PROBLEM DESCRIPTION:
Transcribe all of the records word for word, please, omitting the pictures.

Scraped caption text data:
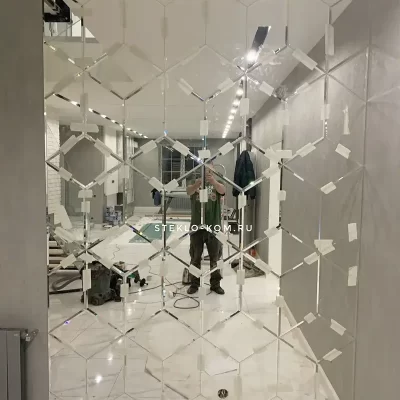 Зеркальное панно в виде ёлочки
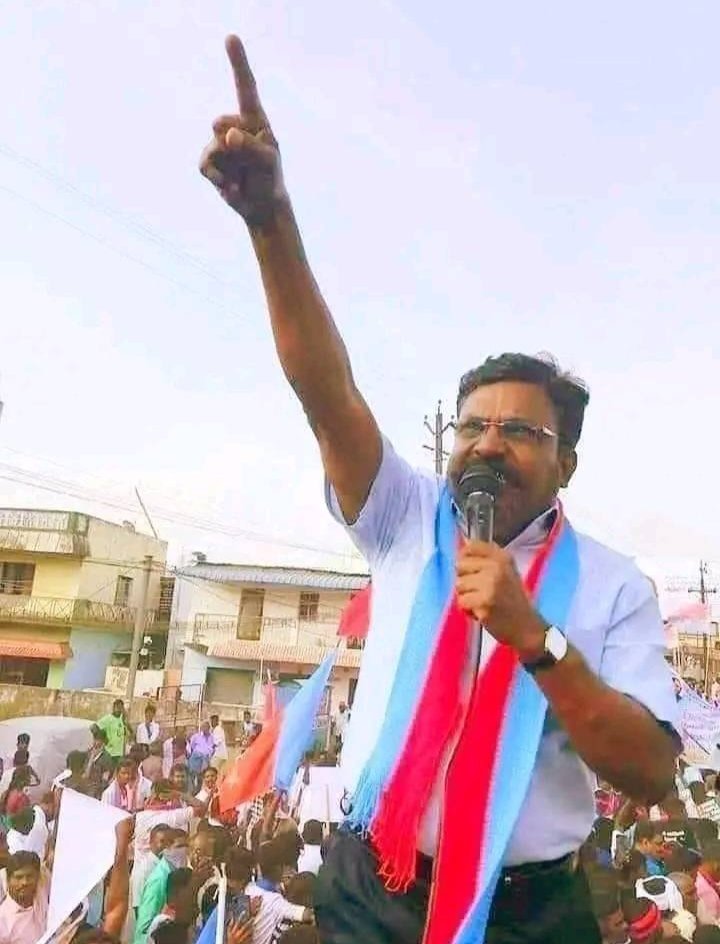 jkm_ravi's tweet photo. ⭕ அகவை 61
       காணும்...
⭕ #இரண்டாம்
      #புரட்சியாளர் 
      #முனைவர் 
      #டாக்டர் 
      #தொல்_திருமாவளவன் MP
     அவர்களுக்கு...
💙🚩 இனிய
           பிறந்தநாள்
           வாழ்த்துகள் 🎂🍣🍔🍞🍟🍧 https://t.co/USeWo5SYyD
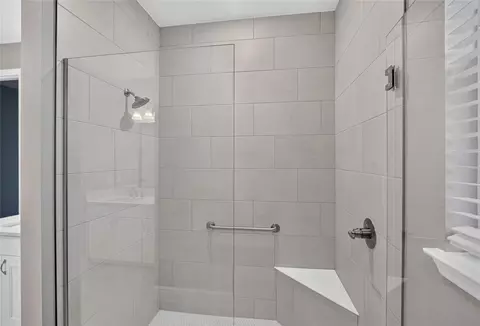 Bath - 10440 SW 106th Ct, Ocala, FL 34481 photo 5 of 7
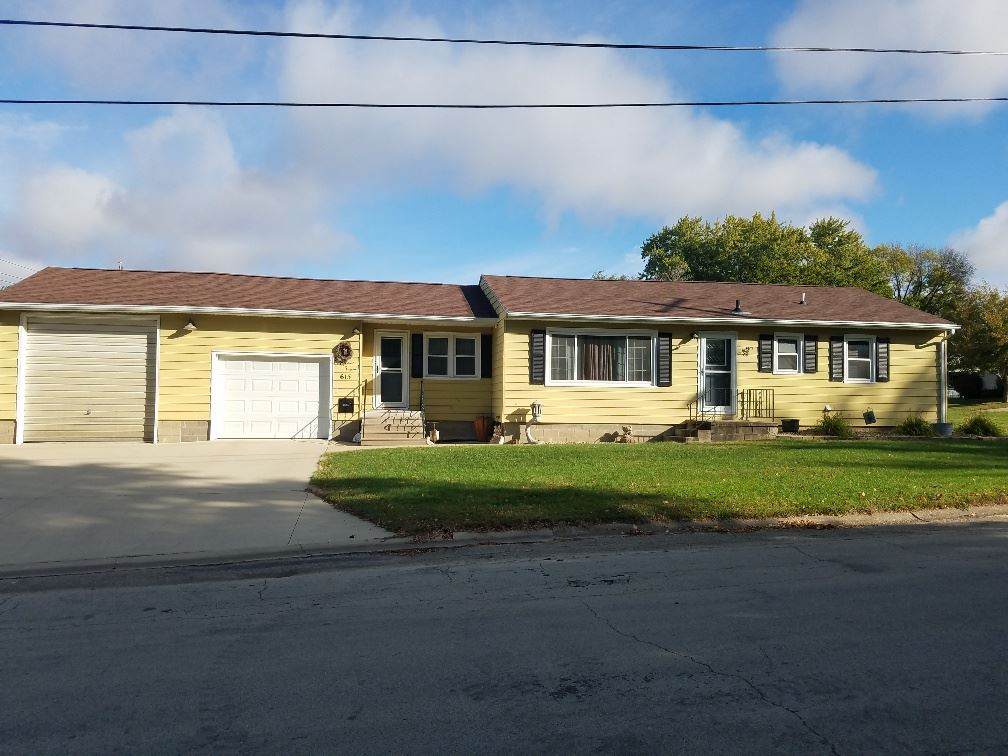 615 6th St. Ne - Photo 1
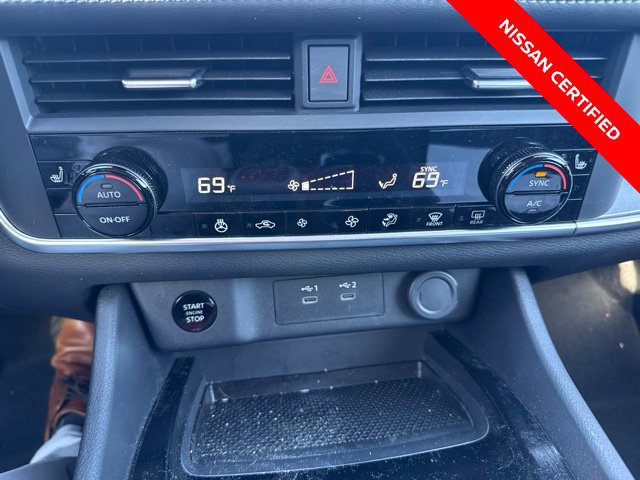 Certified 2024 Nissan Rogue SV w/ SV Premium Package AWD/4WD image 15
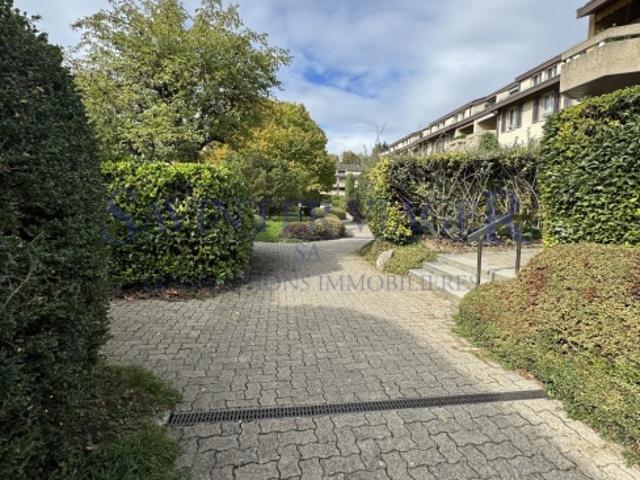 Wohnung kaufen in Cologny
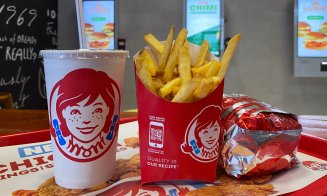 Concurentul McDonald’s și KFC vine în România și are în plan zeci de locații. Când ar urma să deschidă primele fast food-uri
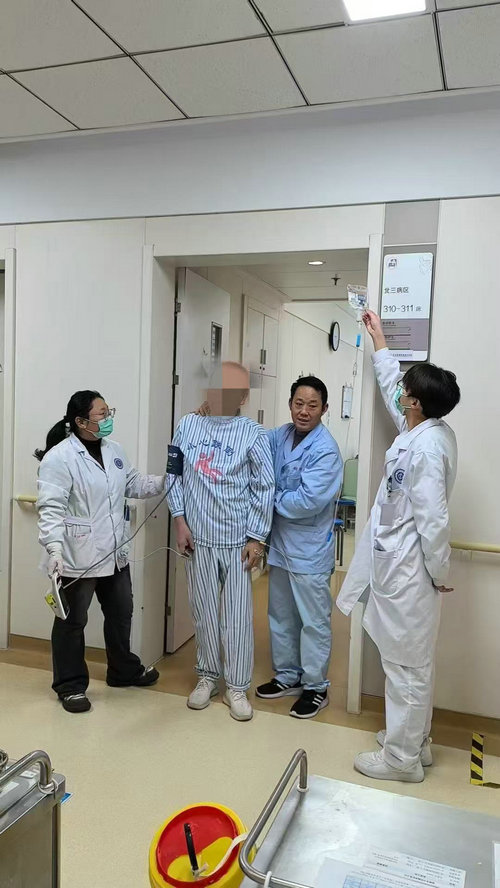 康复训练2月，我院助力脑梗患者从昏迷到自理3.jpg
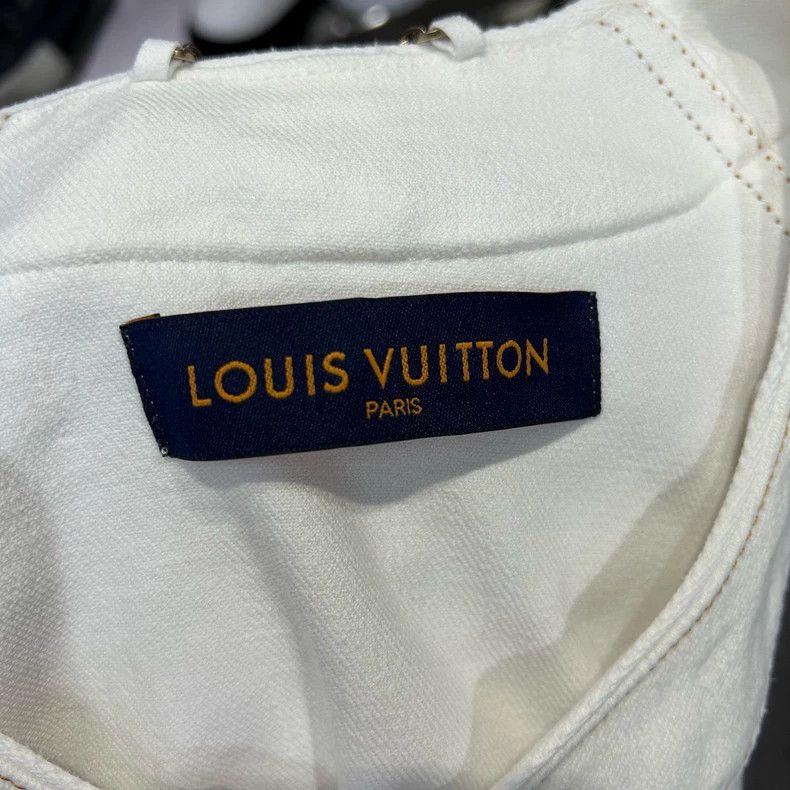 Louis Vuitton Louis Vuitton White Denim Short Sleeve Shirt - dmc Size M / US 6-8 / IT 42-44 - 5 Thumbnail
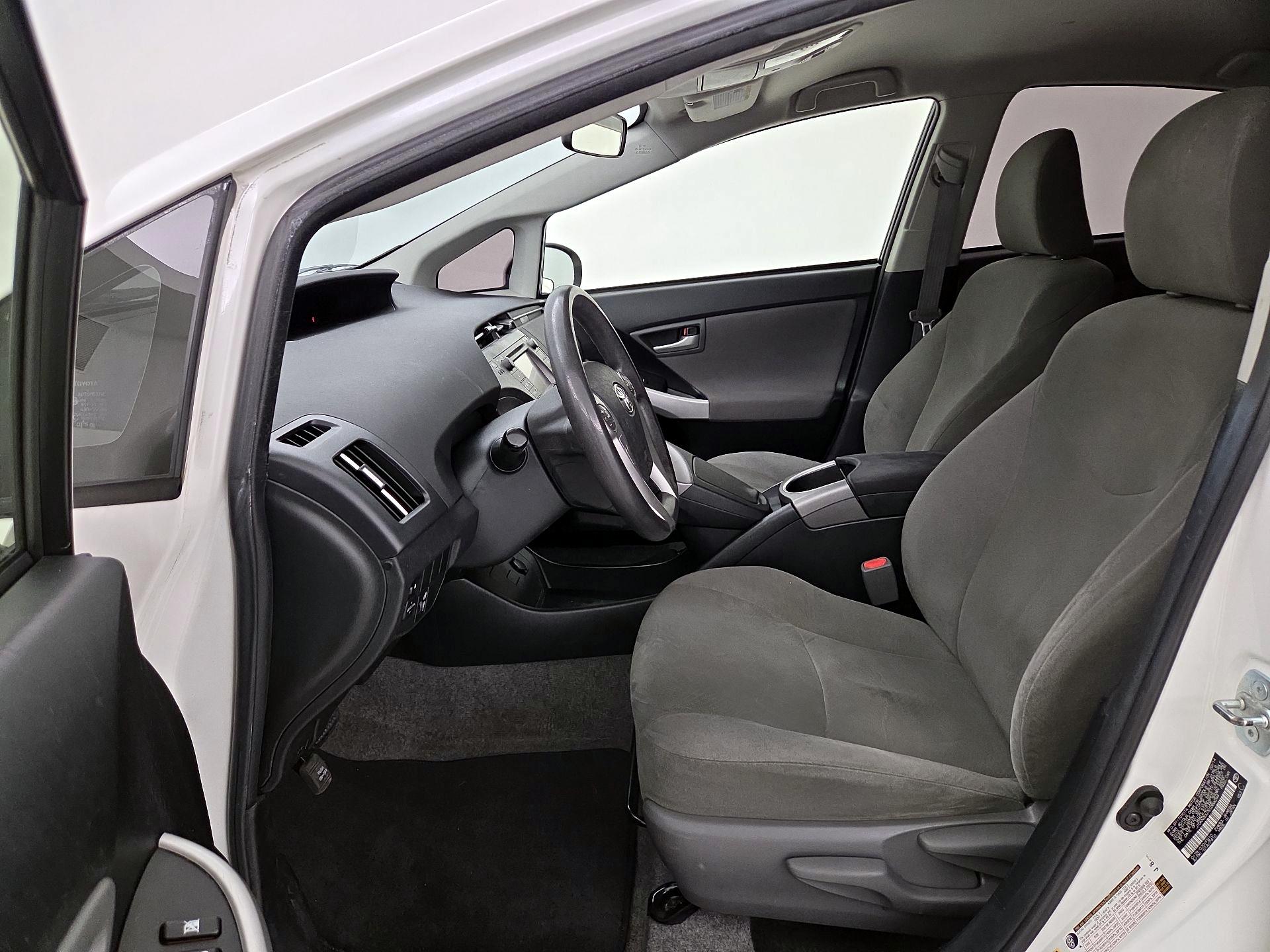 Thumbnail: 2014 Toyota Prius - 11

ANSWER SPACE:
 Зеркальное панно в виде ёлочки
 jkm_ravi's tweet photo. ⭕ அகவை 61
       காணும்...
⭕ #இரண்டாம்
      #புரட்சியாளர் 
      #முனைவர் 
      #டாக்டர் 
      #தொல்_திருமாவளவன் MP
     அவர்களுக்கு...
💙🚩 இனிய
           பிறந்தநாள்
           வாழ்த்துகள் 🎂🍣🍔🍞🍟🍧 https://t.co/USeWo5SYyD
 Bath - 10440 SW 106th Ct, Ocala, FL 34481 photo 5 of 7
 615 6th St. Ne - Photo 1
 Certified 2024 Nissan Rogue SV w/ SV Premium Package AWD/4WD image 15
 Wohnung kaufen in Cologny
 Concurentul McDonald’s și KFC vine în România și are în plan zeci de locații. Când ar urma să deschidă primele fast food-uri
 康复训练2月，我院助力脑梗患者从昏迷到自理3.jpg
 Louis Vuitton Louis Vuitton White Denim Short Sleeve Shirt - dmc Size M / US 6-8 / IT 42-44 - 5 Thumbnail
 Thumbnail: 2014 Toyota Prius - 11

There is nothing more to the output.